Exercise instructions: Could you retype the whole listing word for word and drop the images?

Dataset extract:
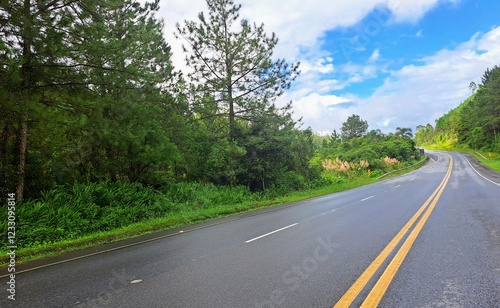 Uma linda estrada vicinal no Vale do Ribeira, estado de São Paulo, Brasil. photo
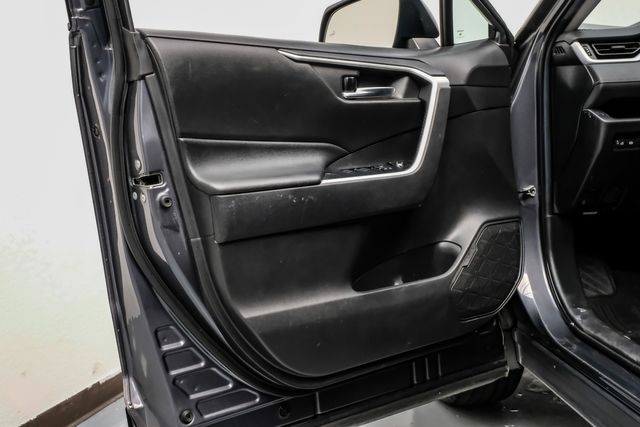 2021 Toyota RAV4 XLE | Addison, TX | Addison Autoplex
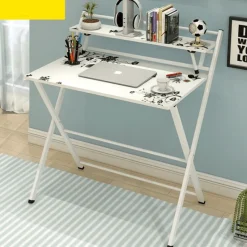 Moderner, stilvoller Büroschreibtisch aus Holz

Finished exercise:
 Uma linda estrada vicinal no Vale do Ribeira, estado de São Paulo, Brasil. photo
 2021 Toyota RAV4 XLE | Addison, TX | Addison Autoplex
 Moderner, stilvoller Büroschreibtisch aus Holz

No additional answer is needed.